I was standing in the hallway of a hospital, holding a patient’s chart.

The chart is a 5-ring binder, with thick plastic covers. It is a paper record of the hospital life of a patient. It follows a patient wherever they are in the hospital.

This patient was getting a CT-scan. More accurately, the patient was supposed to be getting a scan. At this moment, the patient was getting CPR. While I held the patient’s paper life, the medical staff were working hard to hold onto the patient’s actual life.

While they were working, I starting thinking about my own life. In all my years in higher education and in pastoral ministry, this isn’t where I ever expected to stand. I enjoyed teaching, both in the college classroom and eventually in church group. I was effective at parts of being an administrator, first in higher education and then in churches.
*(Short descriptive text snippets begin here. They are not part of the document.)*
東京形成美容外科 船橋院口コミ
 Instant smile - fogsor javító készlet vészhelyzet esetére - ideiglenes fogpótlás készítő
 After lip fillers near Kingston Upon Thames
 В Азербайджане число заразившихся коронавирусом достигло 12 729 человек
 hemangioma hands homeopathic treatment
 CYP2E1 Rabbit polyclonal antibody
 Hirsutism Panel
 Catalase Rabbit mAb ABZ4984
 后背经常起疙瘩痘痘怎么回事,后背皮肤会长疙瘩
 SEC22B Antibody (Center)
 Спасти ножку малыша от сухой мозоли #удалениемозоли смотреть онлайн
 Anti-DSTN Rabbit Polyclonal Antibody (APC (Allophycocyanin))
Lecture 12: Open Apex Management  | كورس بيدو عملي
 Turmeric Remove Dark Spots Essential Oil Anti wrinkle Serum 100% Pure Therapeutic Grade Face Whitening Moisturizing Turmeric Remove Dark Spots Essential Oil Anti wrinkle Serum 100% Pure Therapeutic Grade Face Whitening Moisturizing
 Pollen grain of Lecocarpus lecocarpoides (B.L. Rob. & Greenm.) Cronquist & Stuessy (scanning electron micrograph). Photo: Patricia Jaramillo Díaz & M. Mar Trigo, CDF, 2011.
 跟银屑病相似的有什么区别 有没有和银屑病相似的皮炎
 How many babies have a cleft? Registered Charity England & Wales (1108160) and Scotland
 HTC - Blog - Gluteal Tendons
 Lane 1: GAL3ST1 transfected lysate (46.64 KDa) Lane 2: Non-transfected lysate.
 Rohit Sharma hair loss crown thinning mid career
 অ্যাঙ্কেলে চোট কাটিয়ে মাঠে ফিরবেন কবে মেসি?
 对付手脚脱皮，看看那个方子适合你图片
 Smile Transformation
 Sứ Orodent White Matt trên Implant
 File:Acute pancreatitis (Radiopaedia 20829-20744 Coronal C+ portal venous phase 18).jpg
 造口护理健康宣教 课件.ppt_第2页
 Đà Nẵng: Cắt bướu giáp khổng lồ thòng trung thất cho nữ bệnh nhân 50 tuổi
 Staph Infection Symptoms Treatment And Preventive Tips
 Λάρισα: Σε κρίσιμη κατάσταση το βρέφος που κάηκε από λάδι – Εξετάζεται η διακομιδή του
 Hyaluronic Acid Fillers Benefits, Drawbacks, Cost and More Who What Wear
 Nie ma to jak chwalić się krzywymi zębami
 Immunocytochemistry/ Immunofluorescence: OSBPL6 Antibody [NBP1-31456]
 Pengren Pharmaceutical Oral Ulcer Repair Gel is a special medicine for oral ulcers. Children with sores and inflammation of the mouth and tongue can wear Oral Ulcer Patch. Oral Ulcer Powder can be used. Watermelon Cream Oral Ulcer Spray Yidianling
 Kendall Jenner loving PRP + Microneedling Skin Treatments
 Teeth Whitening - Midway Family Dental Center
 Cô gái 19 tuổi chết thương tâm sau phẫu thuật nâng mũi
But in November, 2015, it had become clear to me that it was time to change jobs. Or better, to resign my job as an executive pastor without knowing what was next. It was, Nancy said, like Abraham. Told to move. Not told where.[1]

So I resigned, effective in ten weeks. We started thinking and praying about what would be next.

I saw a job for Staff Chaplain at a local hospital. I looked through the requirements and the duties. I didn’t have a theological degree, but I did have a decade and a half of pastoring. I didn’t have the formal chaplaincy training, but I had made hospital calls and offered hours of counsel and conducted funerals. It looked like something that I could do, in the meantime at least. The listing said that the position was PRN. I looked it up. Pro re nata is a Latin term, used in medical circles to mean part-time. On call. As needed. When necessary.

Something would be better than nothing. I applied. I heard nothing.

We kind of forgot about it, actually, assuming that the position had been filled.

Until I got a call in January.

I went to an interview where I started to discover that what I thought chaplains did was about 25 percent of being a chaplain. I discovered that the other 75 percent could be learned. And I discovered that I liked the people I met.

The next step in the interview process was a four-hour walk-along with a current chaplain. Just to see what it was Iike.

It was lots of walking. There was no praying, but some talking. It was some responding to trauma arriving in the ER.

It was wonderful.

I was offered and took the job.

The training was 80 hours of following several chaplains. I learned that there are individual voices. I learned that there are many similar situations, but no identical ones. I learned that the people who have been chaplains for years still have events that happen only once or twice a year. As a result, chaplains are constantly learning, constantly discerning, constantly preparing. I learned that being a chaplain is a blend of running and charting and waiting and listening. And sometimes holding a patient’s chart, while the other 15 people in the room do everything they can to preserve the life so there is something to write in the chart.

Chaplaincy is living in a way to be available PRN. When necessary.

 


  1. The story of God calling Abraham to move starts in Genesis 12. Unlike Abraham, I received no promise of becoming a great nation.